• Task to complete
Once you have read the records below, report how many lines contain the word "image", and give nothing besides that number.

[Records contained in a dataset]
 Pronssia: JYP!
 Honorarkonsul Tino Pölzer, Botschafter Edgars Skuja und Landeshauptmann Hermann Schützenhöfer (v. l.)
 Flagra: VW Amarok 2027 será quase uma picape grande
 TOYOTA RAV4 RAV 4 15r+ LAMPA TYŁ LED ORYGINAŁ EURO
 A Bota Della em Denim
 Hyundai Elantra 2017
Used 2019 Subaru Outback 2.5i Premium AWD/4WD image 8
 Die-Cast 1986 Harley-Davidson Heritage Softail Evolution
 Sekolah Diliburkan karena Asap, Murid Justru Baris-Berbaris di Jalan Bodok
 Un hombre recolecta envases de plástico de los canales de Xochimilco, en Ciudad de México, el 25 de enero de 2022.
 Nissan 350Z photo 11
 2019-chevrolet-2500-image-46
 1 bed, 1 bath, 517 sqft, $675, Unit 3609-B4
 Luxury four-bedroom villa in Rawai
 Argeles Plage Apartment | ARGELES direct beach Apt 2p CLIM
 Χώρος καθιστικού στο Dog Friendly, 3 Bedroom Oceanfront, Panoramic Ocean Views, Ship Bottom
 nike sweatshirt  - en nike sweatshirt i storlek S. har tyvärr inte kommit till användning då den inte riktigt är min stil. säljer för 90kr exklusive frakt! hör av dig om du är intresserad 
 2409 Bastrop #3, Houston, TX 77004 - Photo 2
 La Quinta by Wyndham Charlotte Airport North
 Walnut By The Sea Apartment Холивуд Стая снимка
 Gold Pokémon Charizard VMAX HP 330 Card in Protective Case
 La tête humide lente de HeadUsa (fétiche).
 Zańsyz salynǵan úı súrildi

• Result
2